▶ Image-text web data
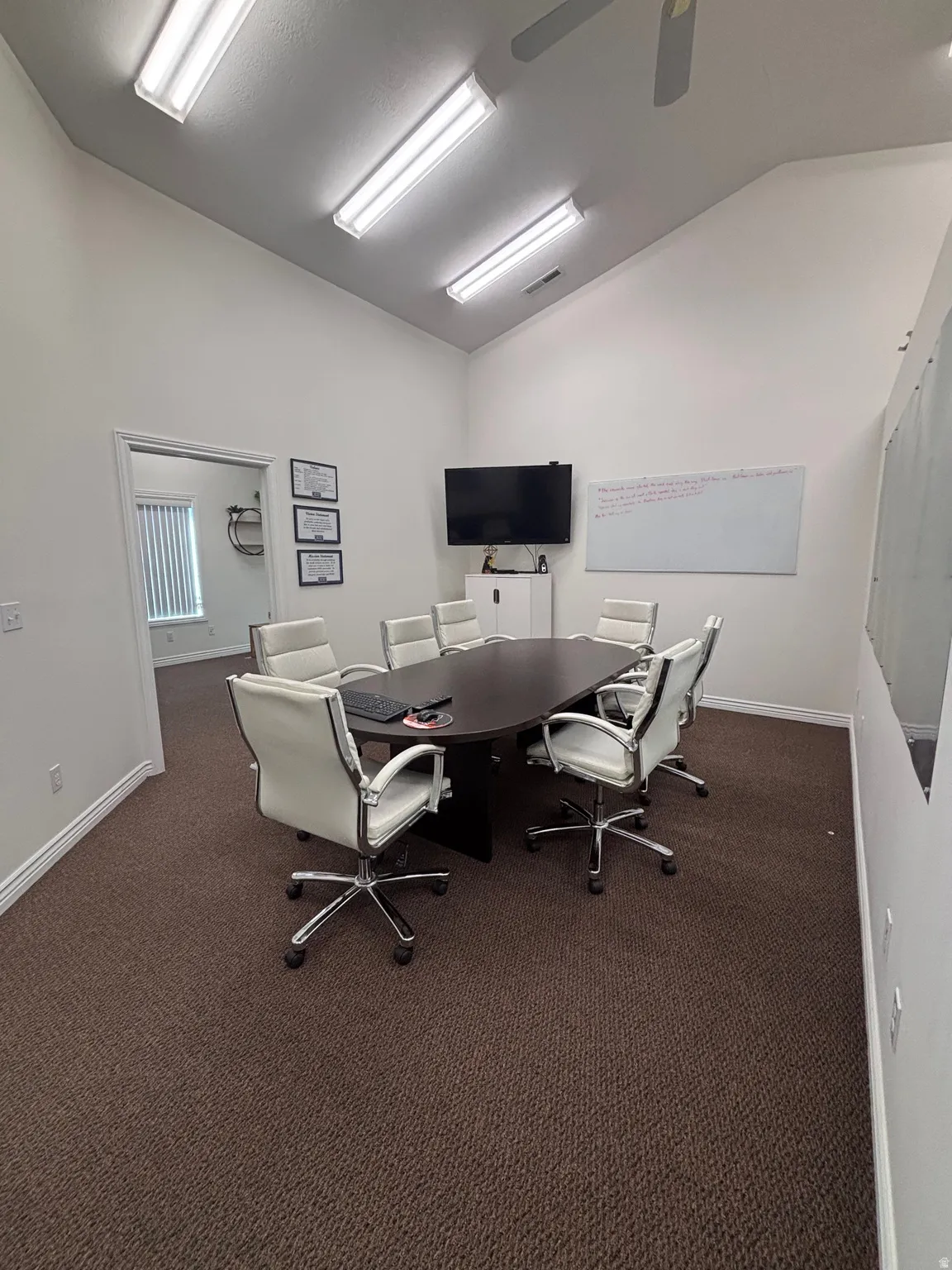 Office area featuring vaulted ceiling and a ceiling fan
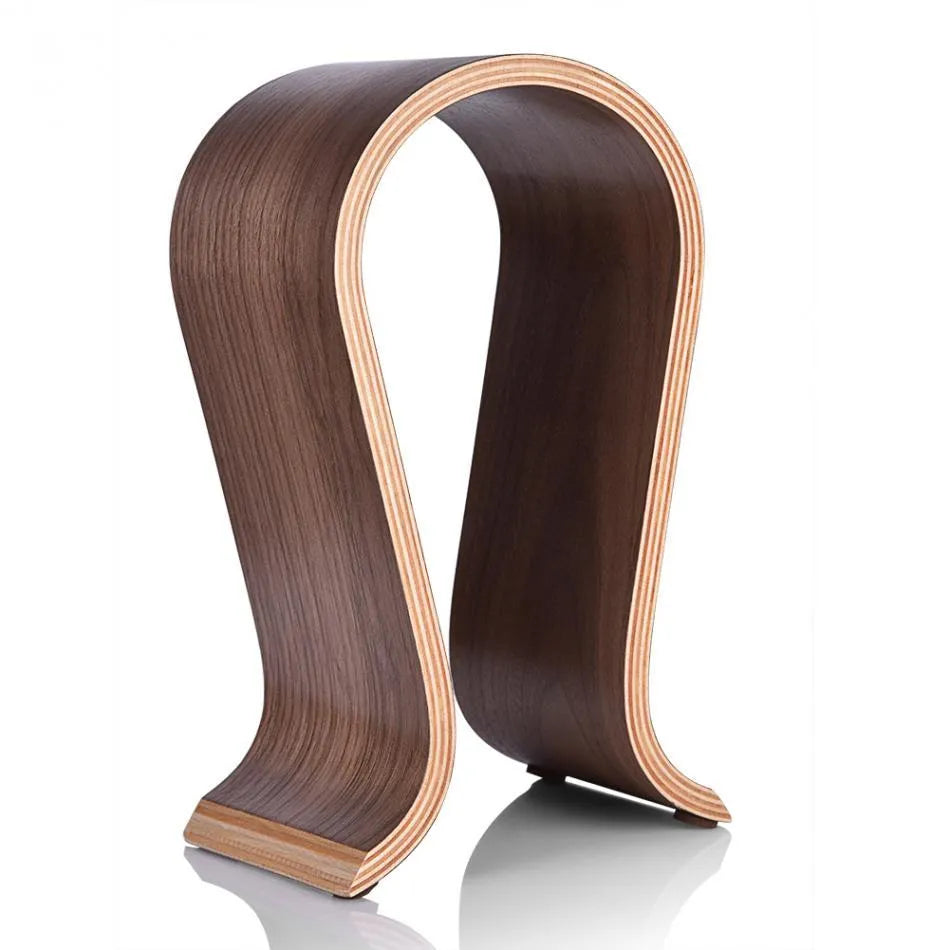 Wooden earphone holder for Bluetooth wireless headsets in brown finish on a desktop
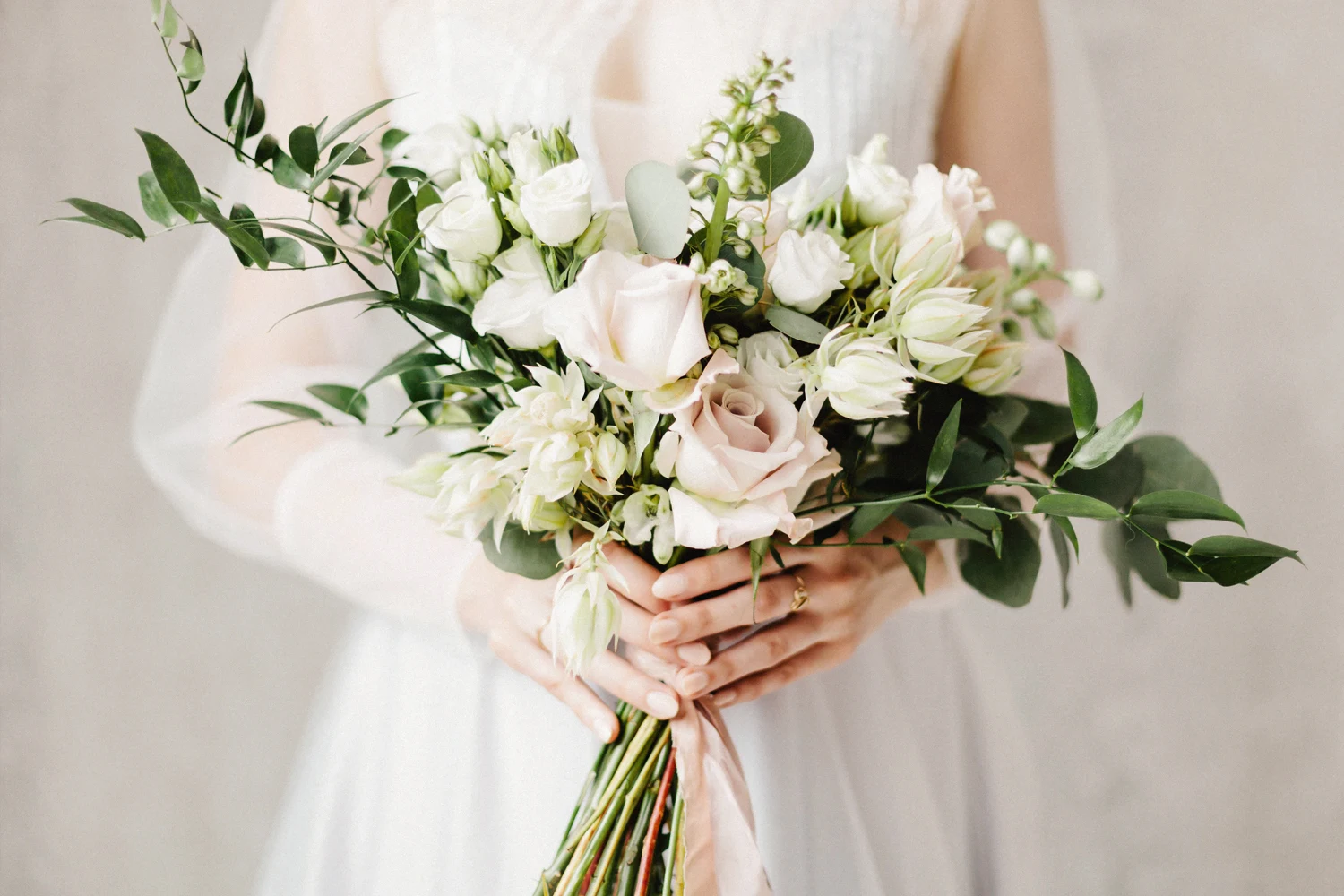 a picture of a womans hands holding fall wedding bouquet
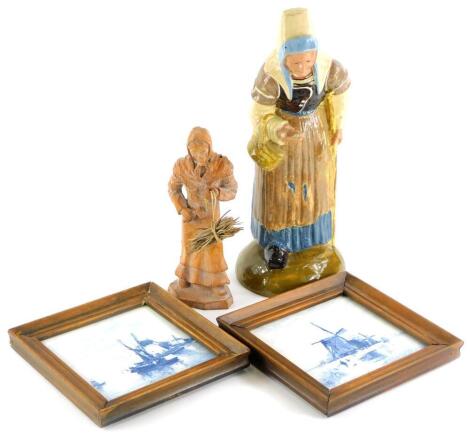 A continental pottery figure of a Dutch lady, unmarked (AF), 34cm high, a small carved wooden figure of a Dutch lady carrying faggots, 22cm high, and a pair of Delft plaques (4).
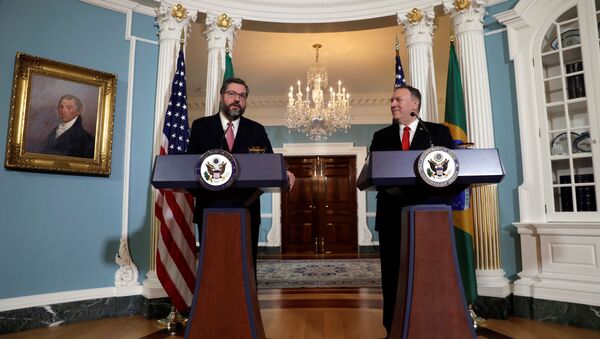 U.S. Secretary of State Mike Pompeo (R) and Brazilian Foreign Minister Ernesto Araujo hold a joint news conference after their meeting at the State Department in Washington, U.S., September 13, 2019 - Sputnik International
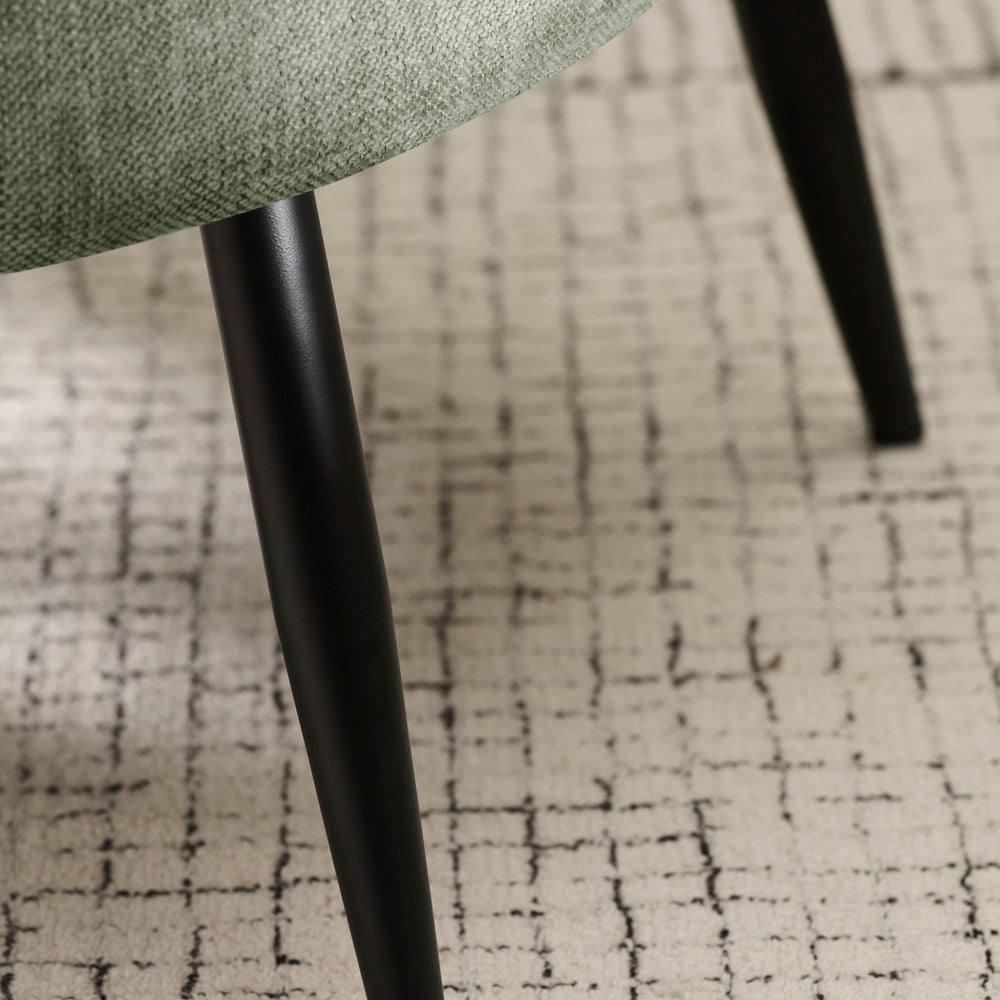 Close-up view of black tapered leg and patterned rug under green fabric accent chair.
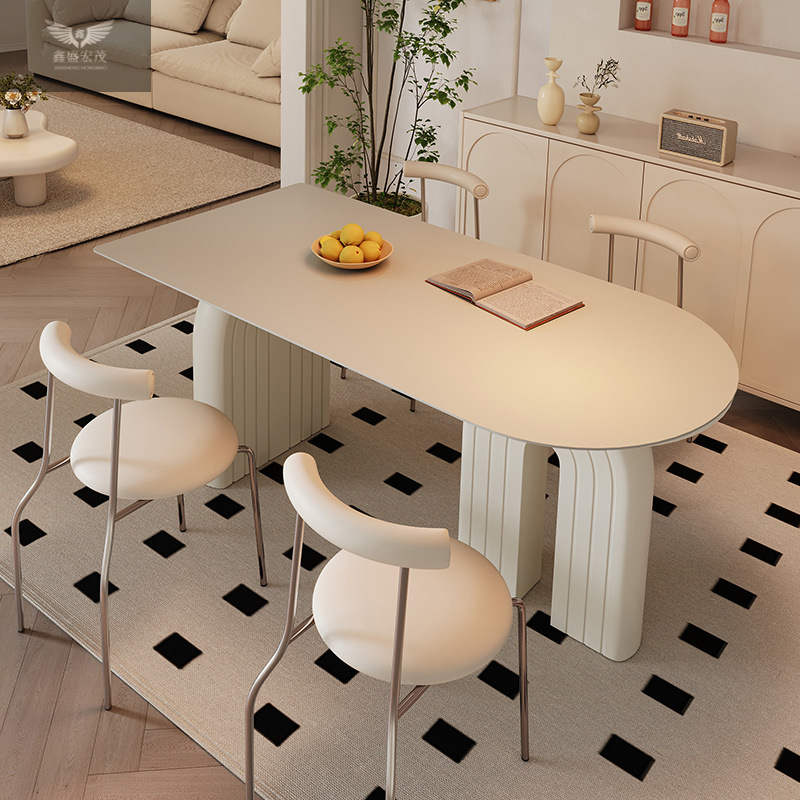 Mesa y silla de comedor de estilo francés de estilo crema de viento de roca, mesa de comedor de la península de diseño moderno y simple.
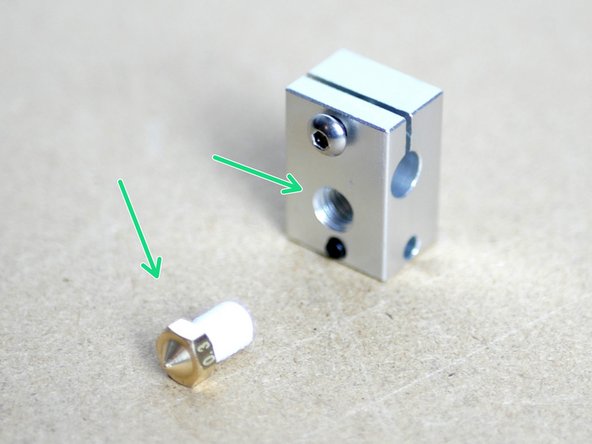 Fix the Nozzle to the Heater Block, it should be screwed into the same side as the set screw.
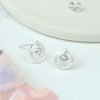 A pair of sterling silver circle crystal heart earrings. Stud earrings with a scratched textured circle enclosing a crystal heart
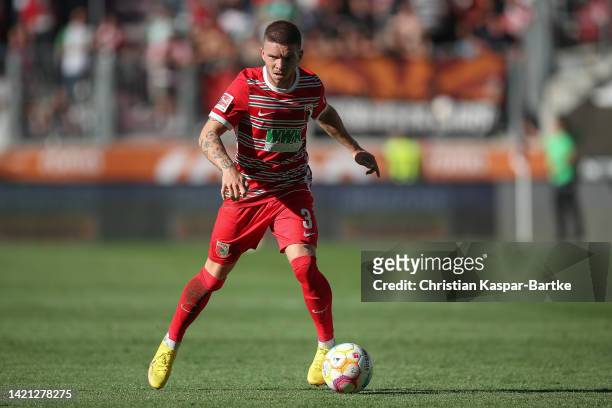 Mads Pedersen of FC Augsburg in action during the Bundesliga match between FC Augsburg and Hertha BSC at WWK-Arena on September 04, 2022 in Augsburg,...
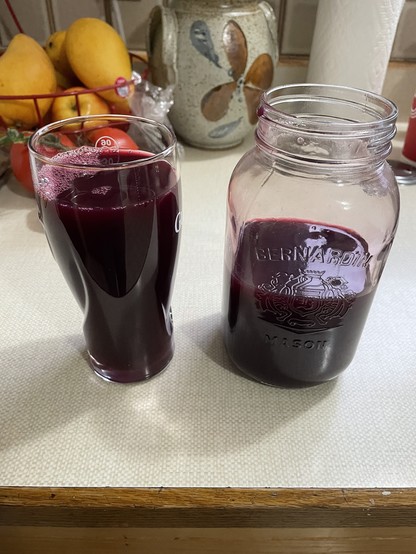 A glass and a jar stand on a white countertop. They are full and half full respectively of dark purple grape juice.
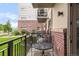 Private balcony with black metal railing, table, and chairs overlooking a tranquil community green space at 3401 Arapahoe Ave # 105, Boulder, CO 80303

▶ What needs to be done
Leave out the pictures and print each record exactly as it stands.

▶ Response area
 Office area featuring vaulted ceiling and a ceiling fan
 Wooden earphone holder for Bluetooth wireless headsets in brown finish on a desktop
 a picture of a womans hands holding fall wedding bouquet
 A continental pottery figure of a Dutch lady, unmarked (AF), 34cm high, a small carved wooden figure of a Dutch lady carrying faggots, 22cm high, and a pair of Delft plaques (4).
 U.S. Secretary of State Mike Pompeo (R) and Brazilian Foreign Minister Ernesto Araujo hold a joint news conference after their meeting at the State Department in Washington, U.S., September 13, 2019 - Sputnik International
 Close-up view of black tapered leg and patterned rug under green fabric accent chair.
 Mesa y silla de comedor de estilo francés de estilo crema de viento de roca, mesa de comedor de la península de diseño moderno y simple.
 Fix the Nozzle to the Heater Block, it should be screwed into the same side as the set screw.
 A pair of sterling silver circle crystal heart earrings. Stud earrings with a scratched textured circle enclosing a crystal heart
 Mads Pedersen of FC Augsburg in action during the Bundesliga match between FC Augsburg and Hertha BSC at WWK-Arena on September 04, 2022 in Augsburg,...
 A glass and a jar stand on a white countertop. They are full and half full respectively of dark purple grape juice.
 Private balcony with black metal railing, table, and chairs overlooking a tranquil community green space at 3401 Arapahoe Ave # 105, Boulder, CO 80303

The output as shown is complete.